What is expected
Return every entry below exactly as written, minus the pictures.

Short descriptive text snippets
####

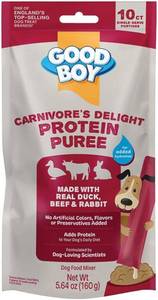 lot 9322 image: Good Boy Carnivore s Delight Protein Purees Dog Food Mixers for All Adult Dogs, 10 Count, Easy Single-Serve Triple Flavor Topper Treats with Duck, Beef and Rabbit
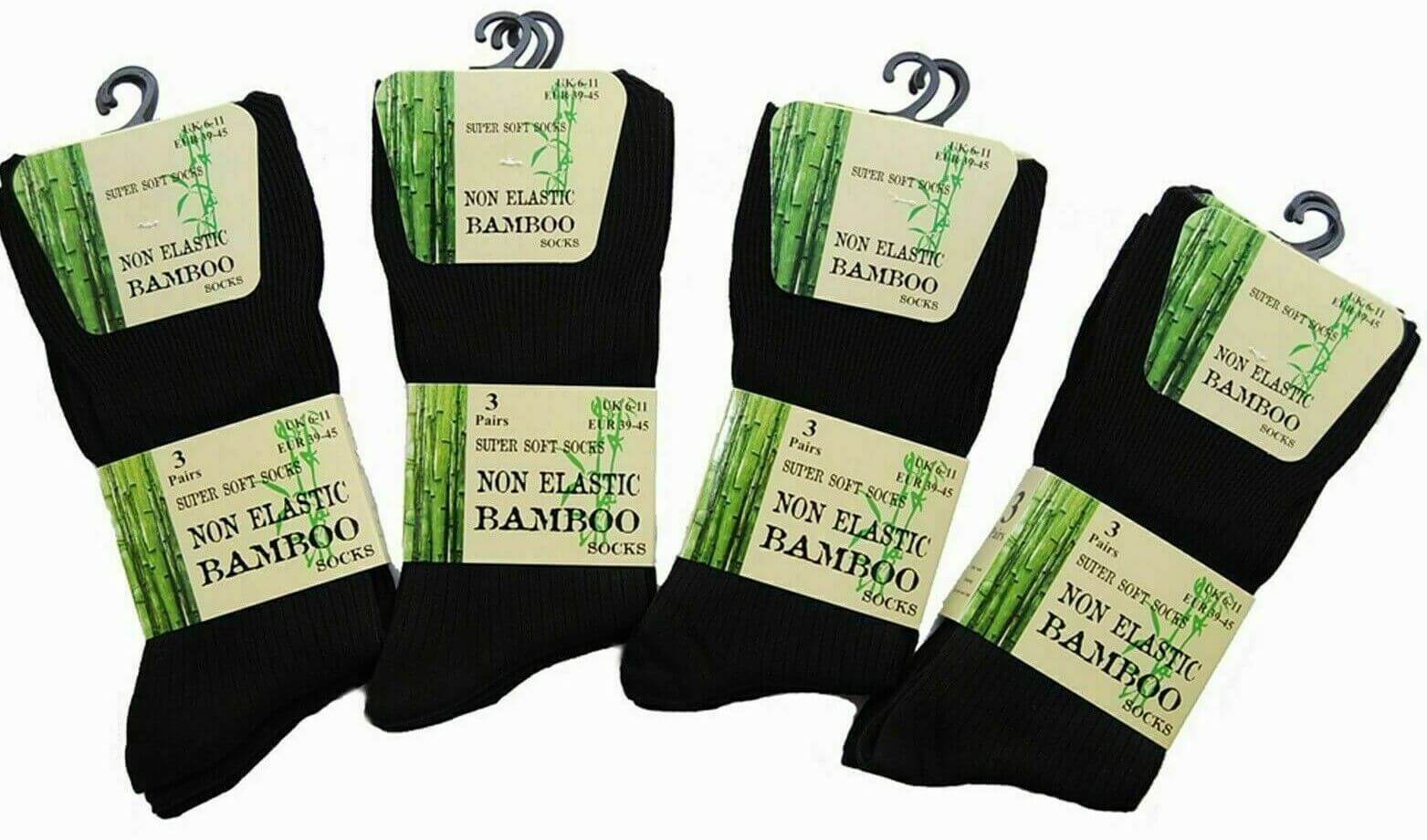 6 Pair Socks Mens Bamboo Breathable Loose Super Soft Non Elastic Anti Bacterial - Comfyfit ltd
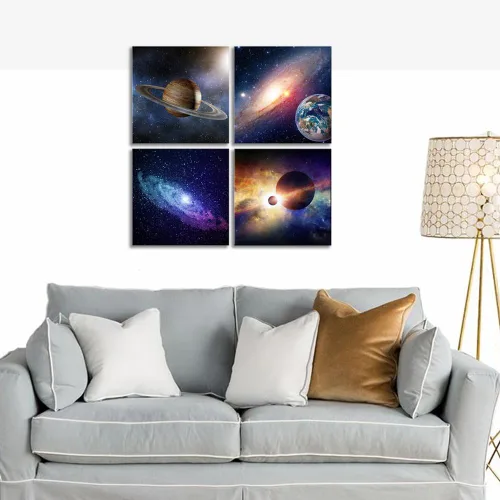 Vista 3 de Wieco Art Lienzo Giclée para pared, imágenes espaciales para dormitorio, decoración del hogar, poder mágico universal, moderno, 4 paneles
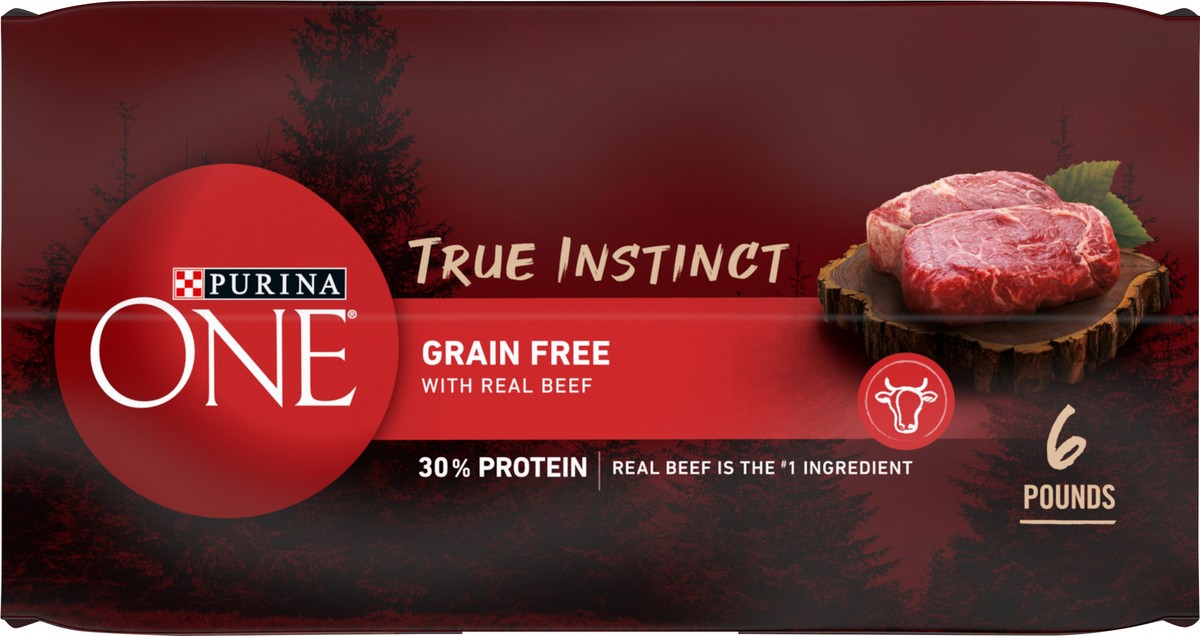 slide 8 of 9, ONE Purina ONE Grain Free Natural High Protein Dry Dog Food Formula True Instinct with Real Beef with Added Vitamins, Minerals and Nutrients, 6 lb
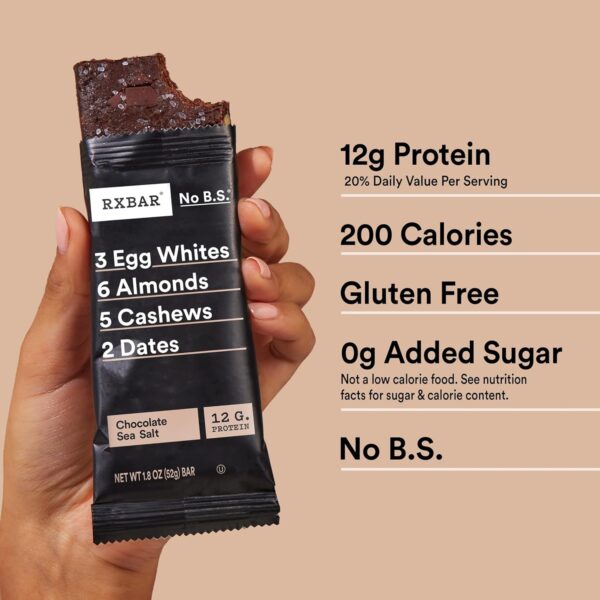 RXBAR Protein Bars, Protein Snack, Snack Bars, Chocolate Sea Salt, 22oz Box (12 Bars) - Image 9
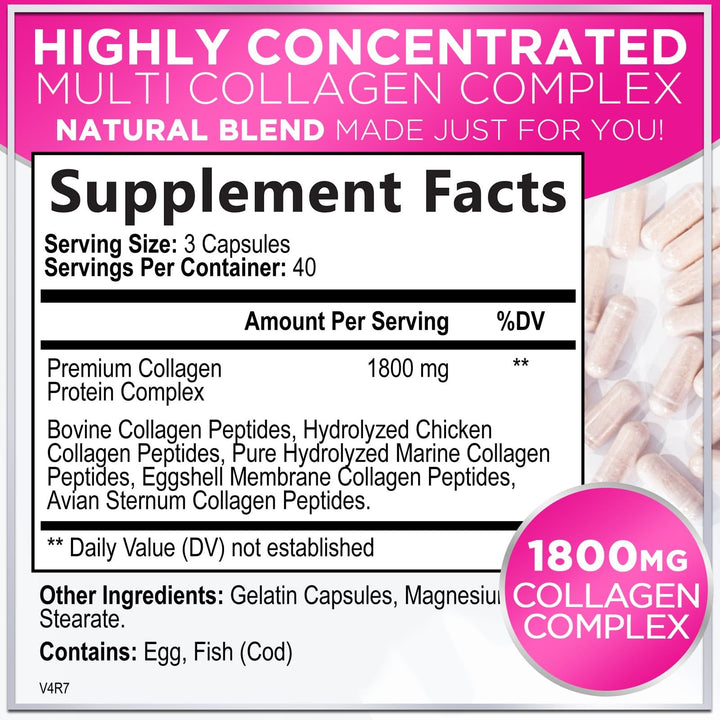 Collagen Peptides Powder Capsules for Women, 1800mg Hydrolyzed Collagen Type I, II, III, V & X, Hair, Nail, Skin, Bone & Joint Support, Collagen for Women & Men, Grass-Fed Collagen - 120 Capsules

####

Solution for this exercise
 lot 9322 image: Good Boy Carnivore s Delight Protein Purees Dog Food Mixers for All Adult Dogs, 10 Count, Easy Single-Serve Triple Flavor Topper Treats with Duck, Beef and Rabbit
 6 Pair Socks Mens Bamboo Breathable Loose Super Soft Non Elastic Anti Bacterial - Comfyfit ltd
 Vista 3 de Wieco Art Lienzo Giclée para pared, imágenes espaciales para dormitorio, decoración del hogar, poder mágico universal, moderno, 4 paneles
 slide 8 of 9, ONE Purina ONE Grain Free Natural High Protein Dry Dog Food Formula True Instinct with Real Beef with Added Vitamins, Minerals and Nutrients, 6 lb
 RXBAR Protein Bars, Protein Snack, Snack Bars, Chocolate Sea Salt, 22oz Box (12 Bars) - Image 9
 Collagen Peptides Powder Capsules for Women, 1800mg Hydrolyzed Collagen Type I, II, III, V & X, Hair, Nail, Skin, Bone & Joint Support, Collagen for Women & Men, Grass-Fed Collagen - 120 Capsules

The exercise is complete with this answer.